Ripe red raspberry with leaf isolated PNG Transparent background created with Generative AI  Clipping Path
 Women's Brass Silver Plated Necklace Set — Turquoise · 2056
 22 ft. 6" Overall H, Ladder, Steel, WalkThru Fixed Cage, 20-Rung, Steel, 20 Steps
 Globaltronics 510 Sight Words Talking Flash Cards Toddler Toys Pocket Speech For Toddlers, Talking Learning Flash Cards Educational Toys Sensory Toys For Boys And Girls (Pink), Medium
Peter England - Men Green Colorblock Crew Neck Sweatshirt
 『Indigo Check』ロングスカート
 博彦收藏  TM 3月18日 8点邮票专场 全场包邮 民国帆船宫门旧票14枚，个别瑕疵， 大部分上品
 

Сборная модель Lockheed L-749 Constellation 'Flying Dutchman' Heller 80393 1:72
·····
(Task to carry out): The lines from the beginning of the records through the line containing "Steel, 20 Steps" should be reproduced exactly. Include nothing else.

(Output):
Ripe red raspberry with leaf isolated PNG Transparent background created with Generative AI  Clipping Path
 Women's Brass Silver Plated Necklace Set — Turquoise · 2056
 22 ft. 6" Overall H, Ladder, Steel, WalkThru Fixed Cage, 20-Rung, Steel, 20 Steps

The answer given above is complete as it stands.